Third, despite losing this decision, Henry and Margrett Quando continued to fight, as subsequent records show they continued to seek relief through the courts. They may not have intended their actions to be a beacon for later African Americans, but that is what resulted. They are role models of men and women in the Quander family who set a strong example of African Americans taking a stand by speaking up for their rights.

Henry’s petition to the High Court of Chancery was not the only time he and Margrett stood up for themselves. My further research revealed a protracted story involving the Quando family between 1718 and 1722 that has enough twists and turns that it could be a prime time mini-series.

In 1718, a grand jury in Charles County instituted proceedings against one Ann Rannes for having a child out of wedlock.8 Although she was referred to as a white indentured servant, the child was characterized as a mulatto. Wishing to escape the harsh treatment and public humiliation she knew was forthcoming, she sought the assistance of Thomas Wheeler, the brother of Ignatius Wheeler, who had conveyed the “Wheeler’s Folly” land tract to Henry Quando in 1695. Thomas Wheeler, himself a planter as well as a bondsman, elected to prepare and sign a performance bond guaranteeing that Rannes would appear in court on the scheduled date to face the allegations of bastardizing. In the interim, he and she dreamed up a scheme they thought would create a win-win result for both of them.

Perhaps because he knew the Quando family through his brother, and perhaps because he considered Rannes as a high-risk client, Thomas Wheeler persuaded Henry and Margrett’s minor daughters, Mary and Elizabeth, to sign Rannes’s performance bond as co-guarantors of her appearance on the assigned court date. Under the terms, the Quando sisters agreed that if Rannes failed to appear in court, they would be called to perform in her absence. Had Wheeler succeeded, the girls would have indentured themselves for seven years, probably working in Wheeler’s fields. The inducement for the girls to co-sign the performance bond is not reflected in the record, but presumably they received some incentive for their agreement. Whether they understood what they were getting into is doubtful.

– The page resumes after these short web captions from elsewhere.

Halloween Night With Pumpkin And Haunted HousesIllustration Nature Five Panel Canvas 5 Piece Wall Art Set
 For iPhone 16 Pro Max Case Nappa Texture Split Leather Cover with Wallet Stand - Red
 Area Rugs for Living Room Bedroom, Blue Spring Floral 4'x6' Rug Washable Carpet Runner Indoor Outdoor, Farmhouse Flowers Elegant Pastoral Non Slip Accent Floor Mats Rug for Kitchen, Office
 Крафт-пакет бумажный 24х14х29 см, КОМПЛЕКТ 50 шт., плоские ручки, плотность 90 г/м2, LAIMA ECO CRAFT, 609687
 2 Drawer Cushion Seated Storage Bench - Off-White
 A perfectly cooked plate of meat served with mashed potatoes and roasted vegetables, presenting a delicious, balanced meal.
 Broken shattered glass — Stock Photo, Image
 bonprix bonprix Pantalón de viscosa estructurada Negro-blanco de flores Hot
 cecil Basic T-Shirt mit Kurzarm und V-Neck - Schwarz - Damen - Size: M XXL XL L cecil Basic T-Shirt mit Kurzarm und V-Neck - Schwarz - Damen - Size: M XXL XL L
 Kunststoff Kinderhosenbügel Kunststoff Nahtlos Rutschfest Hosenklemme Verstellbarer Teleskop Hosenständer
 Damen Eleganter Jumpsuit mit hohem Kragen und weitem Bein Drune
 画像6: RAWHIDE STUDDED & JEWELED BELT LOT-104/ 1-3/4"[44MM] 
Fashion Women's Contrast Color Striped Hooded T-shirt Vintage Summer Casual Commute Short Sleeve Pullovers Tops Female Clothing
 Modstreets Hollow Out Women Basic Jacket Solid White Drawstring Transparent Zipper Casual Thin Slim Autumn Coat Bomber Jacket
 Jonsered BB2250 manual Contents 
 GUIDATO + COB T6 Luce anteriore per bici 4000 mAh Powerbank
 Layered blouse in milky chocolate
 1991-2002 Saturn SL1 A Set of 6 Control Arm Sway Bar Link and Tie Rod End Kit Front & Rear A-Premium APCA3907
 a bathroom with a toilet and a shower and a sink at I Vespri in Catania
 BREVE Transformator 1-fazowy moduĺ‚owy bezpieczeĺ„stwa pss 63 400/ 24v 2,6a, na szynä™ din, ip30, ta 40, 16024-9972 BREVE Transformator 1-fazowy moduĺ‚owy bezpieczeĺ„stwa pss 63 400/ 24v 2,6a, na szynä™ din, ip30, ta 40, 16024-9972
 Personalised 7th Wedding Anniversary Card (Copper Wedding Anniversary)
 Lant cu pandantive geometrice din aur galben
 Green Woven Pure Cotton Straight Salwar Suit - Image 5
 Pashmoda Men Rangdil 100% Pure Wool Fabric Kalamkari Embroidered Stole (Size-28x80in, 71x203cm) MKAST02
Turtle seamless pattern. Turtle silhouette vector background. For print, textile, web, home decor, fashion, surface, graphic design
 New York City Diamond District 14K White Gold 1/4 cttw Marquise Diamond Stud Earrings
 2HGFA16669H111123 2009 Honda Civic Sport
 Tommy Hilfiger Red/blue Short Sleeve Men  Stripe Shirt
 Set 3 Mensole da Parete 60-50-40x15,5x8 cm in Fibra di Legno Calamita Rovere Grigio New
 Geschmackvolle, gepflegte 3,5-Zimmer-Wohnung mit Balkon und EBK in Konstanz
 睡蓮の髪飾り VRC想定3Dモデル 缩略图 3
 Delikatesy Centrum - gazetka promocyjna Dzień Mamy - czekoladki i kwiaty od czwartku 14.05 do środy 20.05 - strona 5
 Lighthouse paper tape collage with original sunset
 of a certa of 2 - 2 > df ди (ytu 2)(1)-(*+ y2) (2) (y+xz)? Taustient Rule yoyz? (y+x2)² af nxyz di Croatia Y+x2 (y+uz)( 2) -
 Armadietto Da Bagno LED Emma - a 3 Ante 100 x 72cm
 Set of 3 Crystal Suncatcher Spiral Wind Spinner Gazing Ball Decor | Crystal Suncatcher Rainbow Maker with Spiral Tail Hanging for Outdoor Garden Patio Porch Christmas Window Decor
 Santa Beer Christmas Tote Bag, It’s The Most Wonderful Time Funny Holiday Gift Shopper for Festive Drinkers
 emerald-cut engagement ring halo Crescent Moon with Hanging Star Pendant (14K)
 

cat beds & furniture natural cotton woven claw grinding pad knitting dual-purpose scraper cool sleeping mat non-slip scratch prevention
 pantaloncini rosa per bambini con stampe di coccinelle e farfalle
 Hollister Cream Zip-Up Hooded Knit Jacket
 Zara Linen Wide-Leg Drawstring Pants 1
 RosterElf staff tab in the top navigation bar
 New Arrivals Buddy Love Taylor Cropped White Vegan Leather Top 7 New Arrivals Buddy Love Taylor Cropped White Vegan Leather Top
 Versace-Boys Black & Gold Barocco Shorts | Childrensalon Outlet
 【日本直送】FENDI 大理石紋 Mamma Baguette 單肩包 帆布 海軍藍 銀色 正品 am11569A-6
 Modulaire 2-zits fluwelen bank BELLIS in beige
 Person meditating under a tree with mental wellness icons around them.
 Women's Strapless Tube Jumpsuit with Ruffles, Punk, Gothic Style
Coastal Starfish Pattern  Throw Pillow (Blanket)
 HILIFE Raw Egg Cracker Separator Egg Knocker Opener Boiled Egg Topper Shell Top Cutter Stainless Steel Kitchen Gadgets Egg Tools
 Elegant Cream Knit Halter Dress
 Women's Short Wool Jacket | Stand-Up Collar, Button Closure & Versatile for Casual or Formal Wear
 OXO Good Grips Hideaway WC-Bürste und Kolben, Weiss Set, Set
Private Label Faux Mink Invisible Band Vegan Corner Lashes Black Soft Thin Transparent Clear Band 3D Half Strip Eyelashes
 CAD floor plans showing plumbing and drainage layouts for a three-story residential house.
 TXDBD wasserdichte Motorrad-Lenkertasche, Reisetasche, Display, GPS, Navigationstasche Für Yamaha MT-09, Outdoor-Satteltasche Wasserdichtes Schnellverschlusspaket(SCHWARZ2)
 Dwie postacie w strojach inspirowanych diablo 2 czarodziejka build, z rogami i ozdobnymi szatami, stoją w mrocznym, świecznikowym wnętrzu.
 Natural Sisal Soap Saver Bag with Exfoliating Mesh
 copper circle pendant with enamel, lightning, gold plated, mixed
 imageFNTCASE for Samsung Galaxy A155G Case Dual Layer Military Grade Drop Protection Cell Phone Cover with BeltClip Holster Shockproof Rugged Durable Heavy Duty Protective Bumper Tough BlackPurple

In all likelihood they could not read; in fact, later records referred to their brother, Henry II, as illiterate.

Wheeler then arranged for Rannes to leave Maryland and cross the Potomac River into Virginia. It was a perfect arrangement: she would likely escape her punishment, and Wheeler would have two unpaid field hands for a seven-year duration. In the court proceedings Wheeler portrays himself as an innocent party, someone who has been wronged by Rannes rather than conspiring with her.

This obvious setup against her daughters was not to Margrett’s liking. That she and not Henry petitioned the court to stop the Wheeler-Rannes scheme strongly suggests that Henry Quando had died or was seriously ill before 1718. Margrett appeared without him on behalf of her minor daughters and petitioned the court to set aside this obvious fraud. Wheeler’s ability to obfuscate caused the case to drag on for years. Moreover, the colonial courts did not sit every day. Most of the judges rode circuits, and were only available to hear cases in certain geographical areas at certain times of the year. Margrett’s race and gender almost assuredly contributed to the length of the case. The judges and members of the local old boy network may have assumed or simply hoped that she would give up and not pursue her petition.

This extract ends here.